Estavam nas sombras figuras como Cecil de Macedo Borer, ex-diretor do temido Dops da Guanabara, no Rio. Foi sob a sua direção que perseguidos pela Ditadura eram levados à delegacia, sob acusações genéricas como “envolvimento em atividades subversivas”, para saírem desmaiados de interrogatórios ou amanhecerem mortos no pátio. Cecil deixou uma pensão vitalícia à sua viúva, que no último mês de dezembro custou R$ 29 mil aos cofres públicos.
Eu já havia tentado investigar esses dados anteriormente, em 2018, quando minha pauta foi escolhida pelos apoiadores de uma de nossas campanhas de crowdfunding. A proposta era buscar quem eram os beneficiários de pensões de militares, assim como havia feito junto à repórter Caroline Ferrari com as herdeiras do alto escalão do Judiciário.

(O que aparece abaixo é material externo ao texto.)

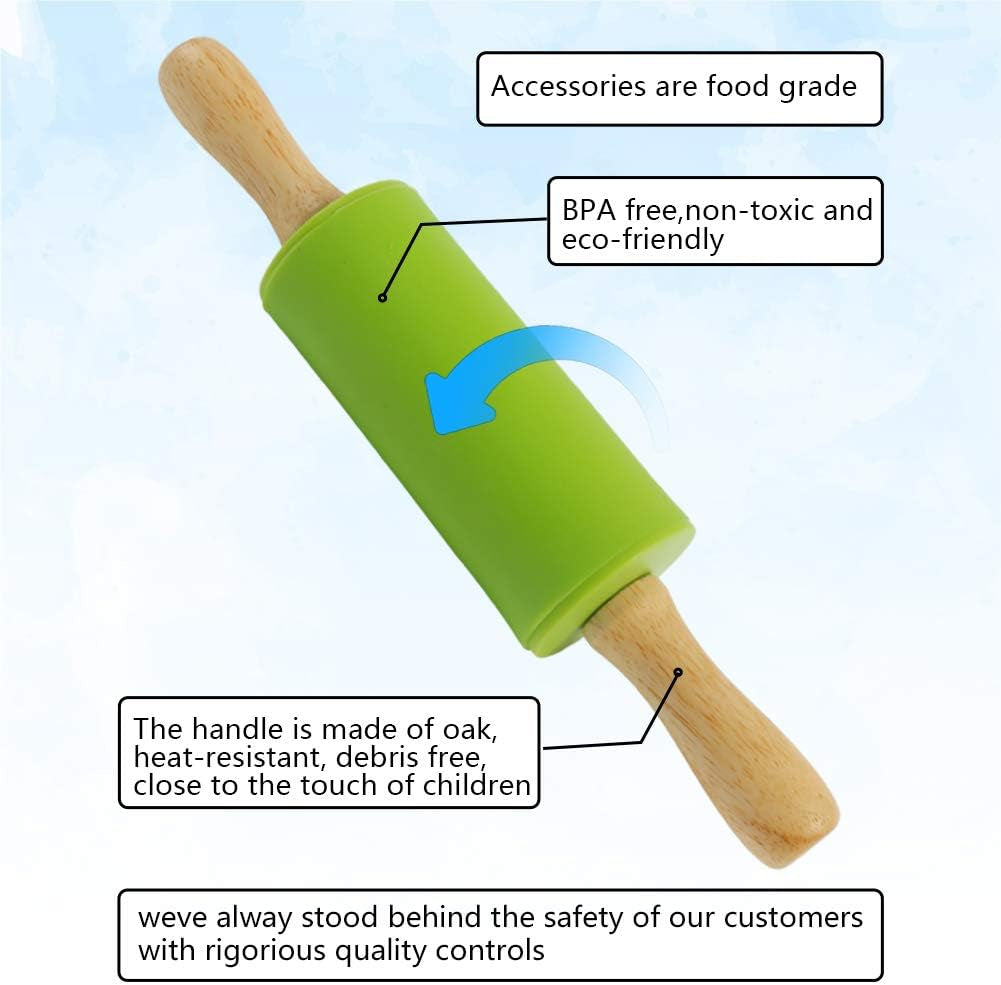 9 Inch Mini Kids Rolling Pin, 2 Pcs Small Rolling Pin Handle for Home Kitchen Children Cake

A reportagem, contudo, esbarrou na falta de transparência do governo brasileiro. À época, o Ministério da Defesa negou o pedido via Lei de Acesso à Informação (LAI) feito pela Pública e por outros veículos, afirmando que a publicação desses dados feria sigilo pessoal.
Foram precisos três anos para que a agência de dados independente Fiquem Sabendo conseguisse, através de uma batalha judicial, obrigar o governo a divulgar a lista completa de pensionistas. Obrigação comemorada de forma hipócrita pelo presidente Jair Bolsonaro como se fosse um feito de sua gestão — como bem sabemos, marcada pela falta de transparência e constante desrespeito ao jornalismo.
A verdade é que a Ditadura Militar brasileira acabou, mas não teve fim. Há centenas de reportagens que precisam ser escritas, mas que esbarram nas caixas-pretas que o Estado segue sem abrir. Em tempos de um revisionismo histórico descompromissado com os fatos, é ainda mais importante narrar as histórias dos vencidos, como dizia Walter Benjamin, para contrapor à versão dos que glorificam velhos algozes.
É nesse sentido que memórias como a do tenente-coronel Vicente Sylvestre tornam-se ainda mais fundamentais para serem narradas. Em 1975, ele foi levado de sua casa, nos arredores do Butantã, para viver durante três meses o inferno do DOI-Codi paulistano, acusado de envolvimento com o Partido Comunista Brasileiro. Vicente, que me recebeu ano passado em uma simpática casa abarrotada de livros e quadros pintados por sua neta, entrou para a triste lista dos 6.591 militares perseguidos pelo regime — outra narrativa sobre a Ditadura que o Estado Brasileiro tentou apagar, mas que nós, da Pública, seguimos revelando.